In recent years we have increasingly devices and equipment with “Smart” capabilities in our homes, capable of communicating with each other and accessing all types of cloud services through the Internet.
However, we have already commented on other occasions how the majority of them they are not completely safe, but they are susceptible to being attacked and therefore someone violating our privacy. How is the situation right now?
Well since the consumer organization OCU have developed a test to check the possible vulnerabilities of a selection of products for the connected home and home automation, reaching a worrying conclusion that we will review below.
A smart but vulnerable home
According to what they say on their website, OCU has selected 17 consumer products domestic among which have included 10 devices from unknown brandspurchased on both Amazon and AliExpress, and others 7 products from well-known brands that came onto the market a long time ago and no longer have manufacturer support, although they are still in use in Spanish homes.
To test the security of the devices, two experts tried to detect their weak points by first investigating what information there was about vulnerabilities already known on the Internet and then trying to use methods such as analyzing network traffic, breaking the security of a WiFi, discover passwordsintercept communications with man-in-the-middle attacks, etc.

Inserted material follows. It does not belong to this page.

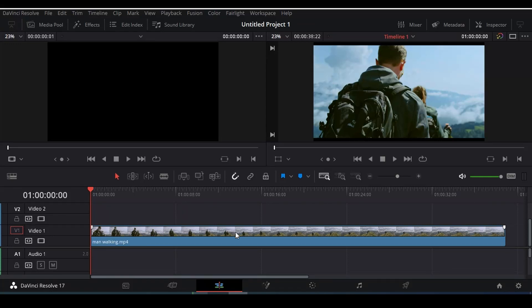Hey good people, how you doing? I hope you are doing great. So this is gonna be a very quick tutorial on how you can draw shapes and markers and add markers on your video. This is a very simple way. There are actually a couple of ways that you can do this, but I'm gonna show you a very specific way.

They also attempted to reprogram the devices using a digital microscope to identify the microchips and then a logic circuit vulnerability analyzer. The result?
They identified a total of 61 vulnerabilities, 12 of them critical (serious or very serious) because pose a high risk to the security or privacy of users, being present in video surveillance cameras, electronic locks and portable devices (smartphones, smart watches and children’s tablets). Among the most common security flaws were the following:
- Many manufacturers they still accept weak passwords like “123456”, something that happened in 9 of the 17 devices analyzed.

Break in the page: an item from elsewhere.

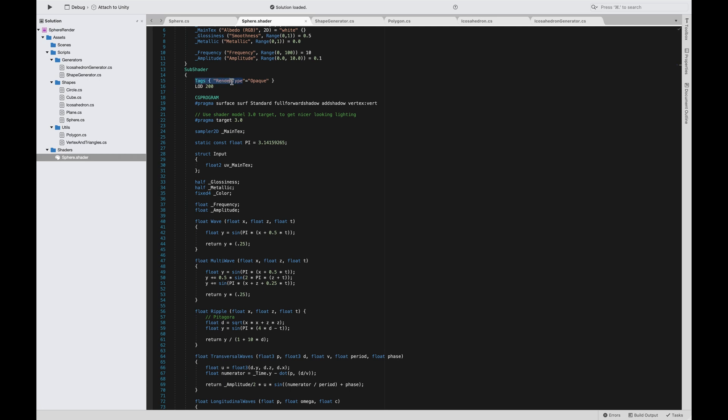In there you have your tags. This is not a transparent shader, so we cannot use the transparency channel, only the opaque channel. We will consider this material as unfadeable. LOD is something we are not interested in at this moment—it's level of detail. This is a standard surface shader, not an unlit shader.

- Weak or non-existent encryption of communications between devices and applications with servers. Those with access to the network can capture data such as password, username and video recordings.
- In four teams you could intercept communications between two parties and alter them (the so-called “man-in-the-middle attack”).
- Vulnerabilities due to lack of software updateeither because of the user or because the brand has stopped providing support for it.
- In addition, they also verified that someone With technical knowledge you can disassemble and manipulate certain equipment since, to facilitate repairs, physical connections are kept accessible allowing software to be altered or malicious programs to be installed.
This study also concludes that all these failures, although they are present in almost all brands, They are more common in little-known ones of foreign origin that we buy many times because of their low price in online stores, but that do not have advanced security measures or support to update possible problems detected.
In this sense, OCU recommends, for example, that let’s always buy from online stores based in the European Union and that we opt for devices from well-known brands that have the latest versions of operating systems.